[Required action]
Exact repetition of a range: find the line containing "MILLET / M-L" and the line containing "FCCEXIO New Workout" in the material below, then repeat both and all lines between them, leaving pictures out.

[Data]
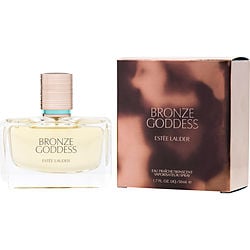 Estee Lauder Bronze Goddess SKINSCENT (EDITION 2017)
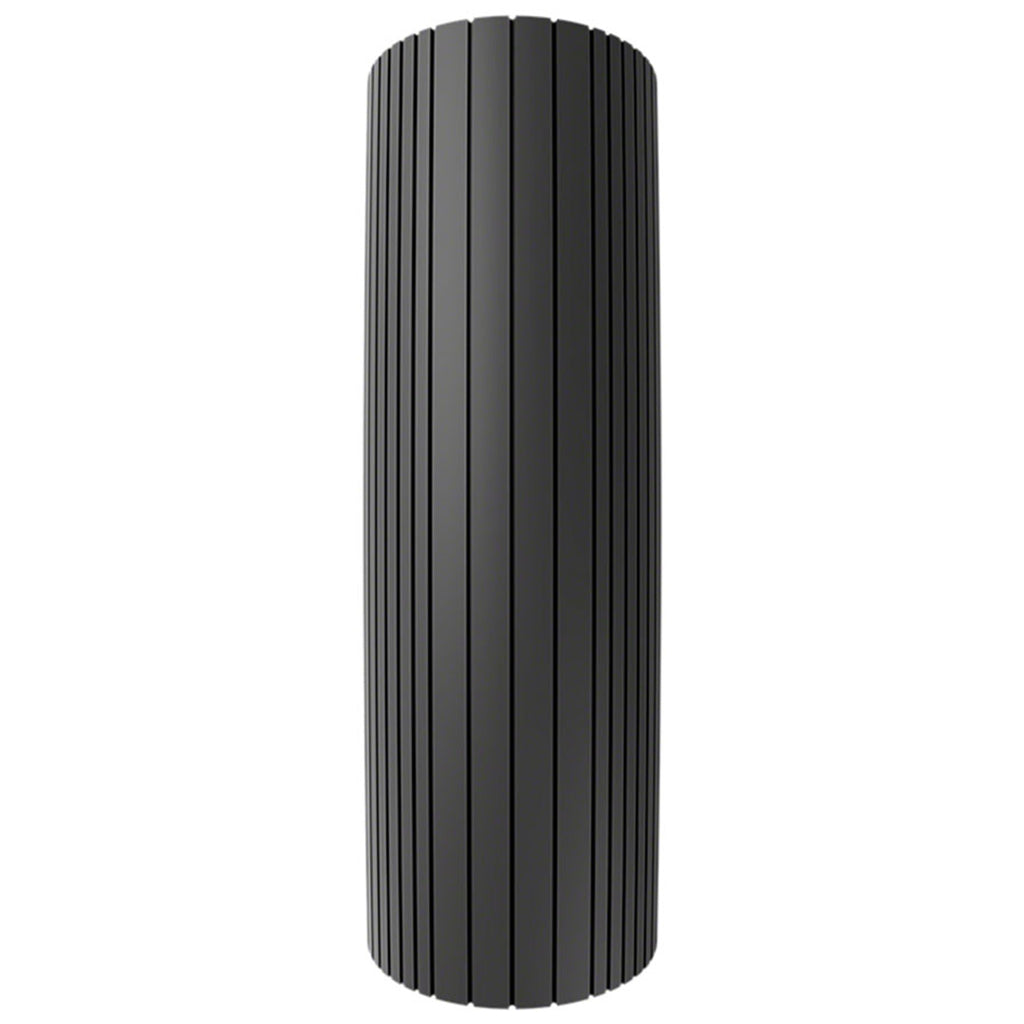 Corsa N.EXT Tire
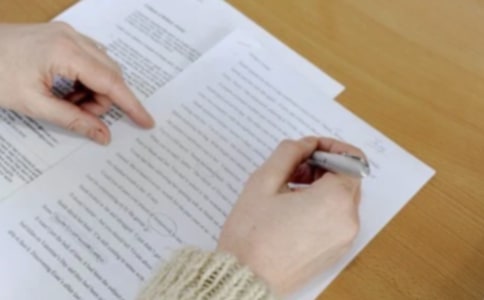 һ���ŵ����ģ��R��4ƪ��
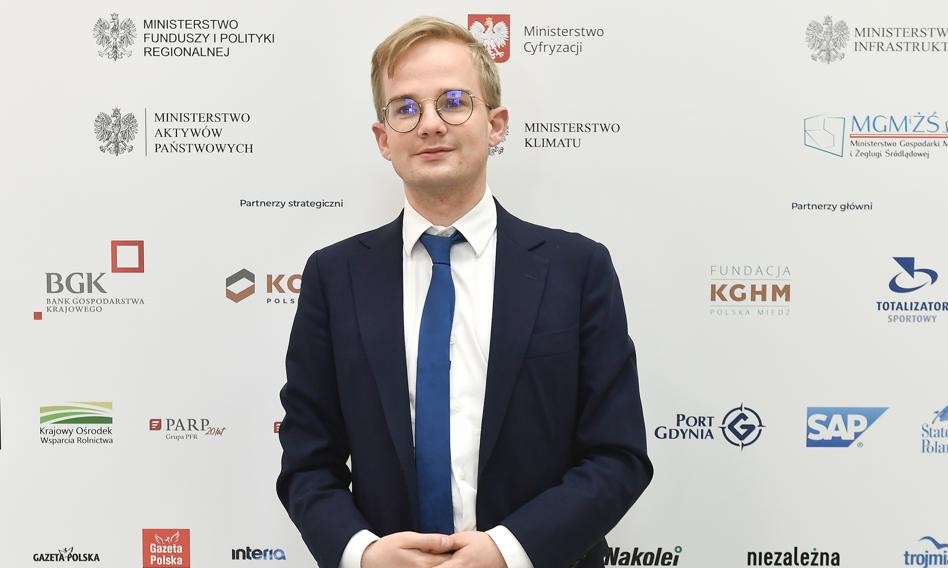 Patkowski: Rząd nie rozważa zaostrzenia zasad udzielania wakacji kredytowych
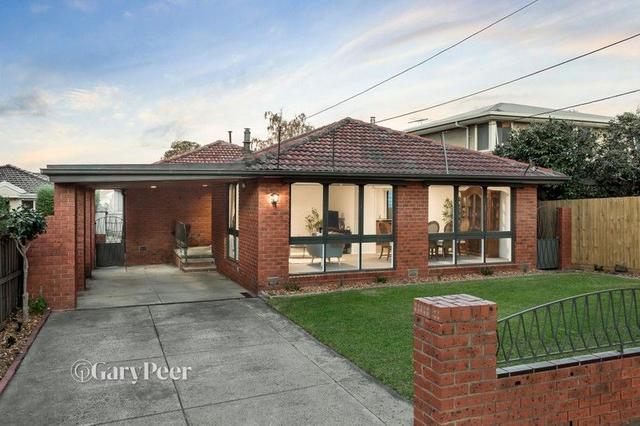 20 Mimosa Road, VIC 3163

==

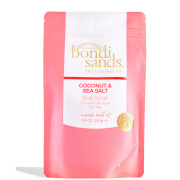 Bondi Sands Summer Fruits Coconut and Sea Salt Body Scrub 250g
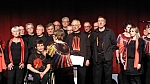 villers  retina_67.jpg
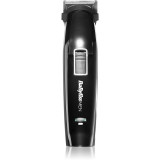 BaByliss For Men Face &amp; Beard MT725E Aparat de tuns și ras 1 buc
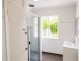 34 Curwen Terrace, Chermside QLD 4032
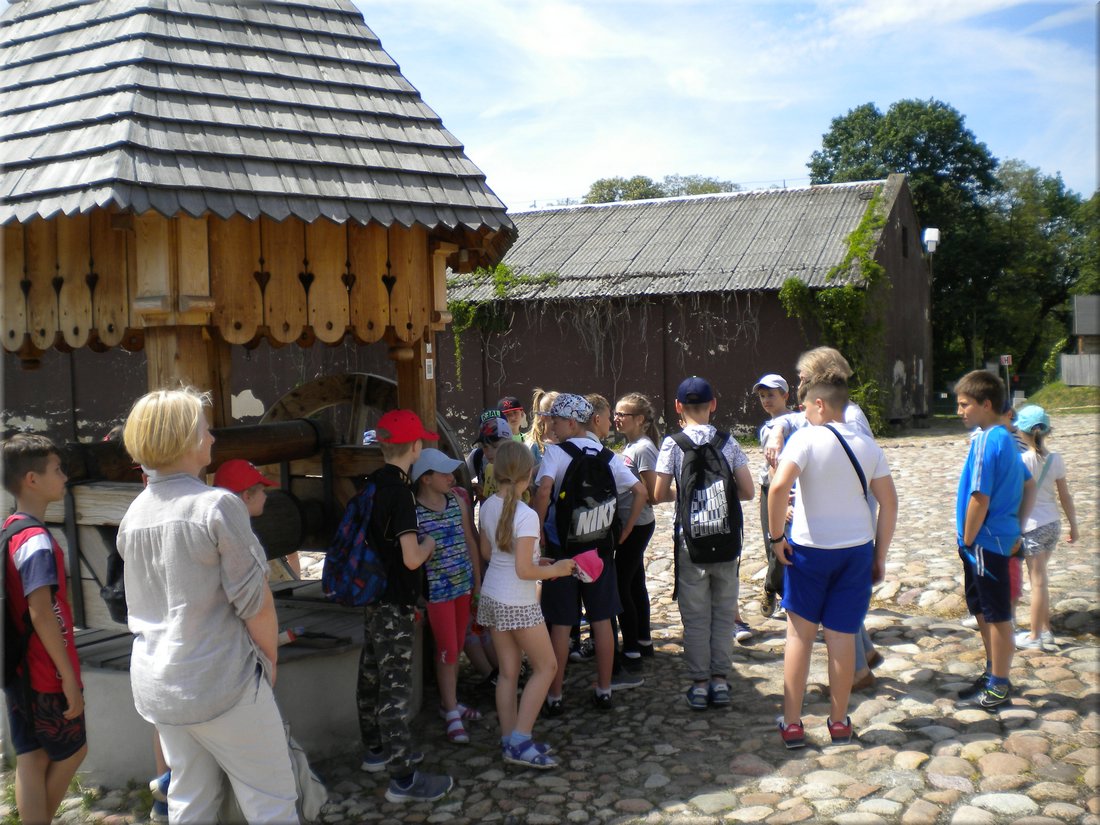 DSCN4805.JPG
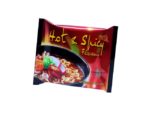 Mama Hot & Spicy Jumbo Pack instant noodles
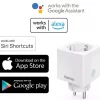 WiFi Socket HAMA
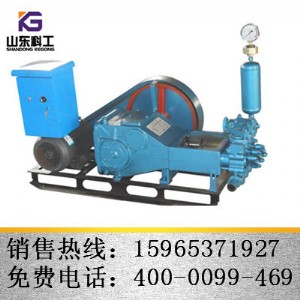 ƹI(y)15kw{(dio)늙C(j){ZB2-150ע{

...

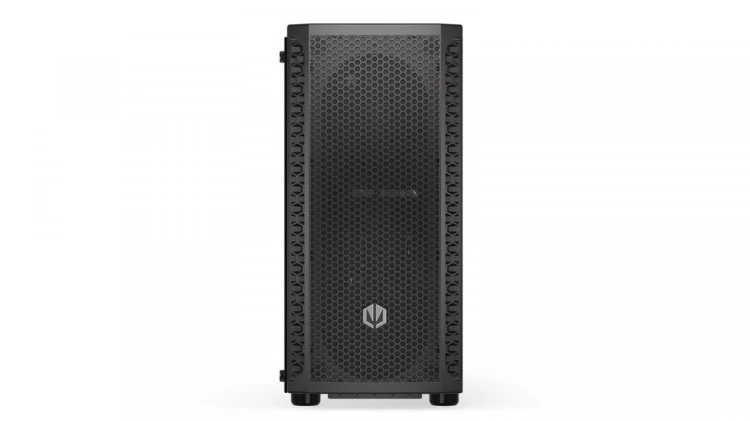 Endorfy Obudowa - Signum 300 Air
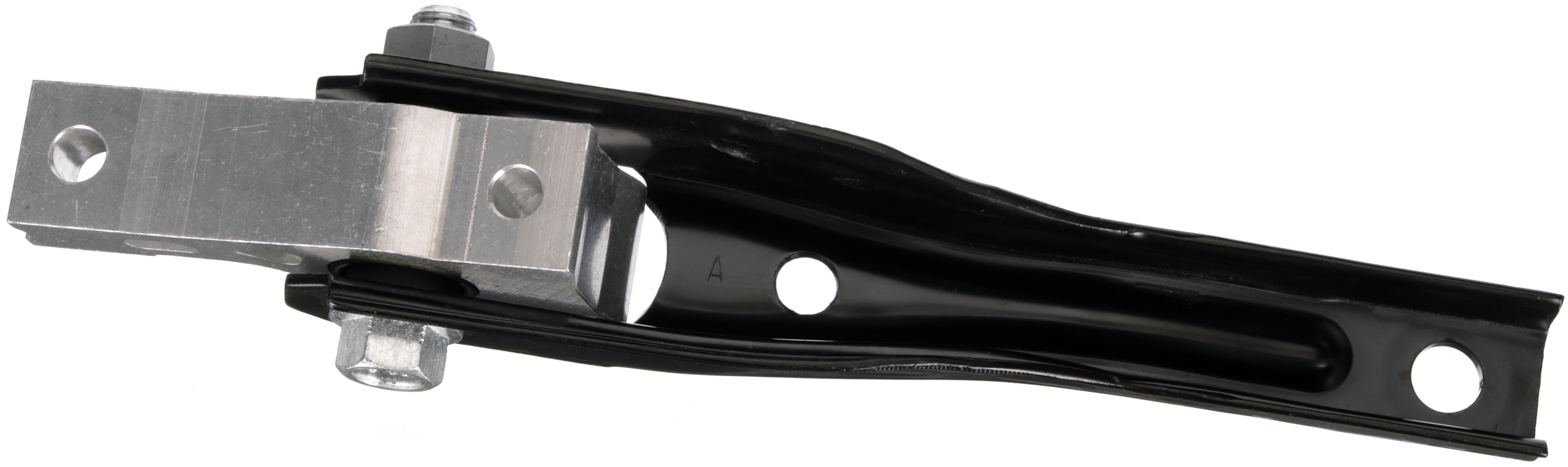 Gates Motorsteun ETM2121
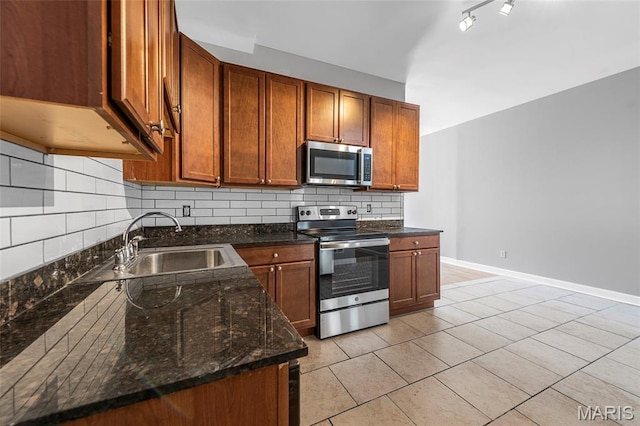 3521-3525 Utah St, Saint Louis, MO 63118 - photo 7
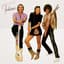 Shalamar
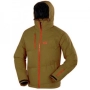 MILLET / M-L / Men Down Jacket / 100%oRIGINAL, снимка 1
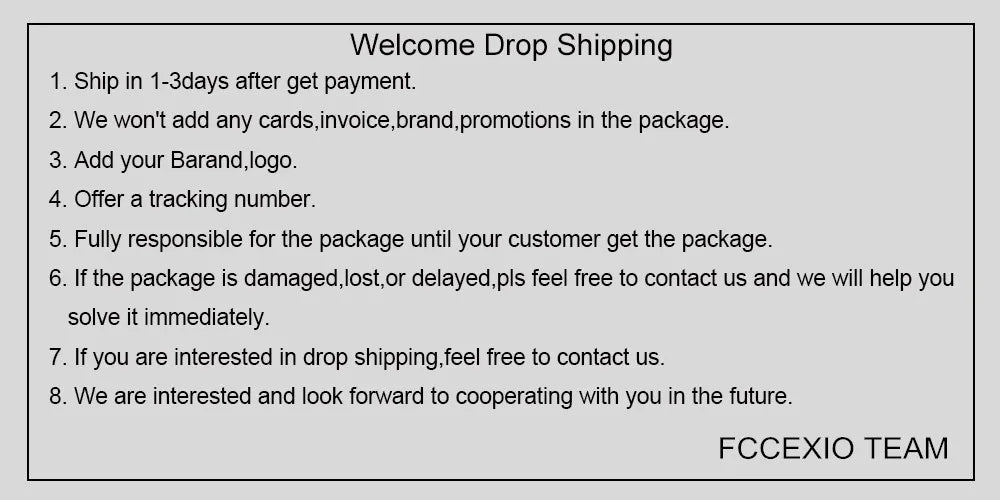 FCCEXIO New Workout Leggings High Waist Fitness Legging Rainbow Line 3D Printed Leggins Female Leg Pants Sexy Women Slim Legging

[Completed exercise]
 MILLET / M-L / Men Down Jacket / 100%oRIGINAL, снимка 1
 FCCEXIO New Workout Leggings High Waist Fitness Legging Rainbow Line 3D Printed Leggins Female Leg Pants Sexy Women Slim Legging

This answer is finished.